Commençons par rappeler l’analyse de Sylvie Nezelof qui explique ce statut d’enfant de remplacement : « Gustave est déclaré à l’état civil sous les prénoms de Jean, Désiré, Gustave. « Désiré », un prénom chargé d’attente et d’affection […] Son parrain est Jean-Antoine Oudot, le fameux grand-père maternel. Concernant sa conception, et en considérant qu’il est né à terme (ce qui est probable au vu de sa bonne constitution), un rapide calcul permet d’émettre l’hypothèse que Gustave Courbet a été conçu le 26 septembre 1818, jour anniversaire de la naissance/mort de son frère aîné. » Salomon Sellam montre de quelles manières les enfants de remplacement restent confrontés au deuil non fait par leurs parents. Ils souffrent d’être inconsciemment comparé à un autre, de ne pas être reconnu et d’avoir à porter la charge émotionnelle du deuil non fait. La littérature spécialisée en parle de diverses façons, comme des porteurs de fantôme, ou d’une « crypte ».
Les archives confirment que le frère aîné de Gustave était né à Flagey le 26 septembre 1817 à une heure du matin et qu’il décéda deux heures plus tard. Ce garçon avait reçu le prénom de son grand-père maternel, Jean-Antoine, comme pour compenser le manque de fils de ce dernier.
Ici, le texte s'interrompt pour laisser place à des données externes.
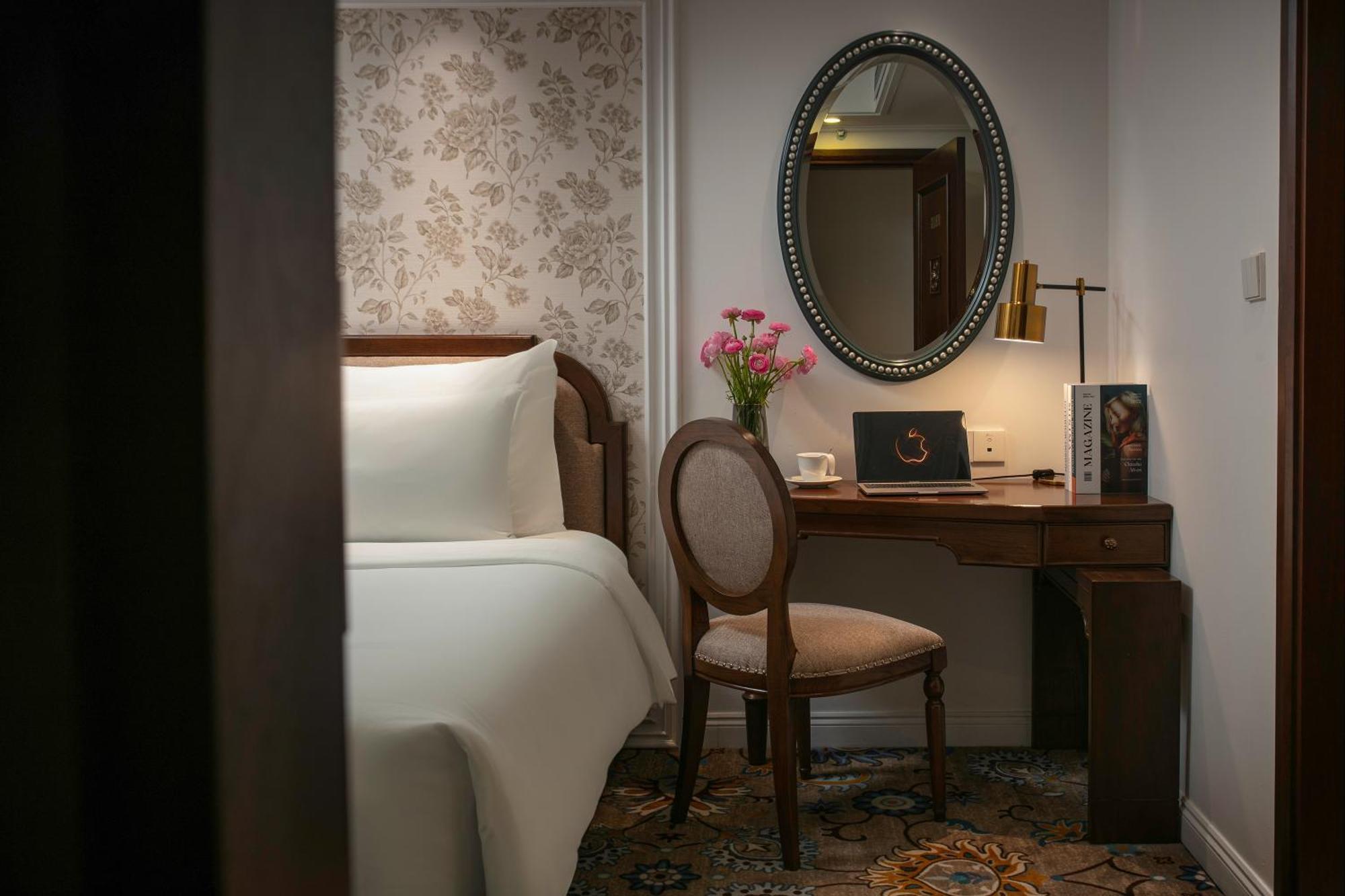 The Oriental Jade Hotel Ханой Екстер'єр фото Deluxe Room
Mais lorsque l’on examine l’arbre de famille des Oudot nous trouvons une autre information d’importance. En effet, le grand-père avait eu un fils ; Charles Etienne Modeste Oudot, né le 12 mars 1798, décédé le 10 décembre 1801, à trois ans. Dans une telle famille de la petite bourgeoisie d’Ornans, vignerons-propriétaires depuis plusieurs générations, la perte du seul hériter mâle de la famille n’est pas sans conséquences et les attentes se reportent sur le premier garçon qui naîtra d’une de leurs deux filles. Ce garçon, on l’avait même prénommé comme son grand-père, Jean-Antoine. Malheureusement, il ne vivra que quelques heures. Un décès prématuré qui renforce encore les attentes. Gustave Courbet serait-il alors le remplaçant du remplaçant de son oncle ?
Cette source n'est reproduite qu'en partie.